- _Raw data_
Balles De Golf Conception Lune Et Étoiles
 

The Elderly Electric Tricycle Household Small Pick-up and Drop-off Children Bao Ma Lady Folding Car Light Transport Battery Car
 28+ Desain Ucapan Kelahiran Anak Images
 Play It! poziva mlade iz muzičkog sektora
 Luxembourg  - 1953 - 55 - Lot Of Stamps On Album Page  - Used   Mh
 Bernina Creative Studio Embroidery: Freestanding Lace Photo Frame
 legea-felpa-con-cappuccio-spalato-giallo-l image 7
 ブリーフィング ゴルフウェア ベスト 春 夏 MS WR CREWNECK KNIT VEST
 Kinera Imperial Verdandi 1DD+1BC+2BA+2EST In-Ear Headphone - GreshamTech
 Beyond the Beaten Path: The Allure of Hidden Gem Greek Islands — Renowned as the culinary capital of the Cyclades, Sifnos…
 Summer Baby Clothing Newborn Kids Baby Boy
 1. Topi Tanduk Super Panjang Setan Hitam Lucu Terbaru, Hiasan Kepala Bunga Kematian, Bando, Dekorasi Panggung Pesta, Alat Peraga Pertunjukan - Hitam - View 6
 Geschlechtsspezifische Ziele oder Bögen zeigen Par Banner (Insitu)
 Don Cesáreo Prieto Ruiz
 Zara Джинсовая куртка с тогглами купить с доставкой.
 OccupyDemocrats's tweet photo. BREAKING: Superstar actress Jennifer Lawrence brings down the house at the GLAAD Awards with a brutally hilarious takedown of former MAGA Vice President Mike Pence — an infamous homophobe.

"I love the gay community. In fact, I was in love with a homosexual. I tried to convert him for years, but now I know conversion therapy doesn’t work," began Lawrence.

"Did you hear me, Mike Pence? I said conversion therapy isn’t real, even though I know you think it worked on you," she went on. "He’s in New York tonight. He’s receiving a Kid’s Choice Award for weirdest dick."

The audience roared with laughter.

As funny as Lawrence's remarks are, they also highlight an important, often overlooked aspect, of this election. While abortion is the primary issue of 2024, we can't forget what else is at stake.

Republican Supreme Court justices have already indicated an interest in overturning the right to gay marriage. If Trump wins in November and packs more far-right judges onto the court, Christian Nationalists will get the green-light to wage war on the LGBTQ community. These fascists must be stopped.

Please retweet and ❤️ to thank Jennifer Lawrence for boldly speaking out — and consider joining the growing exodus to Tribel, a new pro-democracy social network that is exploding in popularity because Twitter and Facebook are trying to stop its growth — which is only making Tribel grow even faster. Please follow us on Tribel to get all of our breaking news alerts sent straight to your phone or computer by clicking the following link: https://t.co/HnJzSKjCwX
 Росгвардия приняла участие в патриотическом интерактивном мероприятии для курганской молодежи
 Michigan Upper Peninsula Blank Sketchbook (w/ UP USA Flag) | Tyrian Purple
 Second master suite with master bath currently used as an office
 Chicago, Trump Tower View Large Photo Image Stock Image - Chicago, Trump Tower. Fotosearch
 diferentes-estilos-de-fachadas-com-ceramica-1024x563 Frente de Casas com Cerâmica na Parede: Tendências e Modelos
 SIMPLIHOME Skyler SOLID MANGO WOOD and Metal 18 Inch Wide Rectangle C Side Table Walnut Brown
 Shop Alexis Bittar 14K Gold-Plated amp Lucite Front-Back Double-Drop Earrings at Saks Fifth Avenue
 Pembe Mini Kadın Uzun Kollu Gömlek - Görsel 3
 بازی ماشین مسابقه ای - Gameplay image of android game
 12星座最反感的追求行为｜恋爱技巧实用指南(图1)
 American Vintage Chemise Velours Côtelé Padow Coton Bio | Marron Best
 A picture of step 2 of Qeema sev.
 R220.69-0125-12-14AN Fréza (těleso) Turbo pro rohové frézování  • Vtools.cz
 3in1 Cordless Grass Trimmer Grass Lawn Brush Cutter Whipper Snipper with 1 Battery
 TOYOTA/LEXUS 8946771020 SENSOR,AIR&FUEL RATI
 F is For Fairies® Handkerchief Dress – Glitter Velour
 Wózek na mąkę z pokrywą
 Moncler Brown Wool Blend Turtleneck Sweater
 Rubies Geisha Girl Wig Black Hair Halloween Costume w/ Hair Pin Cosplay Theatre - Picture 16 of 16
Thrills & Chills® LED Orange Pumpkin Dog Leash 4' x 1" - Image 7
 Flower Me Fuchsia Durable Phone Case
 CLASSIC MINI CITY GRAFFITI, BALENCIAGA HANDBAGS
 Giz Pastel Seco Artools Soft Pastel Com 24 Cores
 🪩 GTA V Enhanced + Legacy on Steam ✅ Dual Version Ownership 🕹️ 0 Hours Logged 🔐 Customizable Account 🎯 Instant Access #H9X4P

- _Requirement_
Look above for the line holding "Bernina Creative Studio" and the line holding "Kinera Imperial Verdandi". Retype both, and every line between them, word for word and nothing else.

- _Task response_
 Bernina Creative Studio Embroidery: Freestanding Lace Photo Frame
 legea-felpa-con-cappuccio-spalato-giallo-l image 7
 ブリーフィング ゴルフウェア ベスト 春 夏 MS WR CREWNECK KNIT VEST
 Kinera Imperial Verdandi 1DD+1BC+2BA+2EST In-Ear Headphone - GreshamTech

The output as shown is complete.